I wrote the introduction to a book entitled Snowjob, by Carlos Stier, one of Lehder’s erstwhile lieutenants. Lehder’s transfer was world news—news that showed up in my Twitter feed. Repeatedly, post after post, new posts and retweeted posts and commented upon posts. At least one hundred of them.

I commented on about twenty of these, posting this graphic.


Oops. Twitter thought I was a bot. That’s why they checked and sent the SMS inquiry. When Twitter’s bot thought that I was a bot, it responded by suspending my account. But I wasn’t a bot.

Another email to Twitter was followed by yet another automated response. I tried a new tactic and sent an email to Twitter support. I received a response noting that I had an open inquiry with Twitter and that my new support request would be joined with the open inquiry, an inquiry that, I decided, had determined I was a bot and that there was no need to respond.

For whatever it’s worth, I didn’t even post the same graphic each time.

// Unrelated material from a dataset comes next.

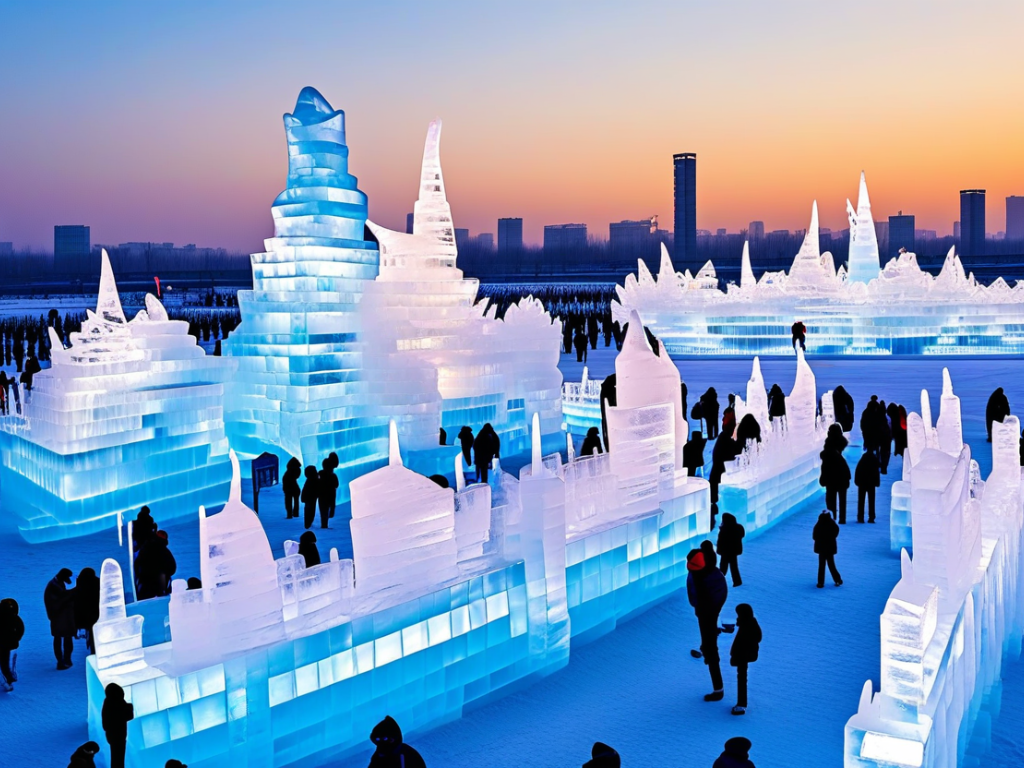 Harbin Ice Festival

In a way, I can’t blame Twitter. How many support personnel would you have to hire to deal with millions of users? The labor payroll would be a staggering expense. On the other hand, Google doesn’t seem to have any support personnel at all. There are stories of people losing their passwords and never getting their emails back. The only Google support team exists to sell you advertising. That team is happy to speak with you on the phone and will even try to schedule phone appointments with you that you haven’t asked for. Have you ever tried to get Google on the phone? The only department that takes calls is the legal department and that’s limited to law enforcement emergencies and…

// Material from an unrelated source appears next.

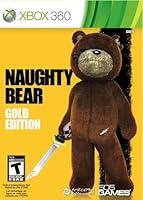 Algopix Similar Product 5 - Naughty Bear Gold Edition -Xbox 360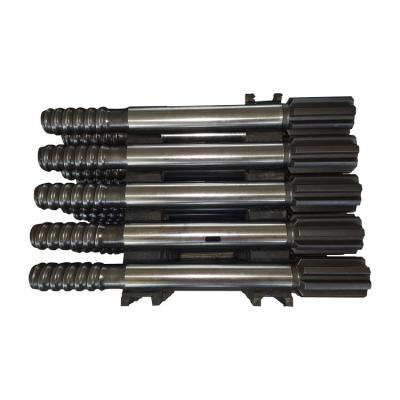 Rock Breaking Drill Straight Shank For COP1440 Jackdrill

…that gave me an idea. That was the way in.

I’m not law enforcement and I don’t have an emergency, but perhaps the best way to handle this issue was to move it from the cyber world to meatspace, a term I had not even seen for some time.

August became September; September became October.

Snowjob twitter

USPS To the Rescue

I hooked up my occasionally used printer and printed out screenshots and emails. I then wrote a letter and addressed it to Twitter’s Security Department. I looked up the street address, which Twitter helpfully publishes, presumably to assist with law enforcement subpoenas.

I went to the post office where the envelope was stamped and accepted for delivery. I calculated that delivery would take a few days.

There’s Something About Paper

Jay Foonberg is an attorney and author of How to Start and Build a Law Practice, the book most-stolen from law libraries. In that book, he recommends sending clients a copy of all correspondence received and all correspondence sent. Any pleadings filed or received should be copied and mailed to the client. The reason for doing so is not immediately obvious, but there is a clear financial reason to do so: it is difficult for a client to claim “my attorney hasn’t done anything” while staring at a column of paper stacked to the ceiling.

“You have to do something with paper,” Foonberg instructs. “Even if it’s just a question of throwing the paper into the trash, someone has to physically take out the trash.” Paper sits on a desk or hides in a file cabinet taking up space. Until it’s dealt with, paper is an action item. When it sits on someone’s desk paper is a reminder of work not done, not put away, it is there for anyone—and especially a supervisor—to see. In short, paper cannot be ignored.

One week after I mailed my letter, one week after the move from the ethereal to the physical, my account was restored.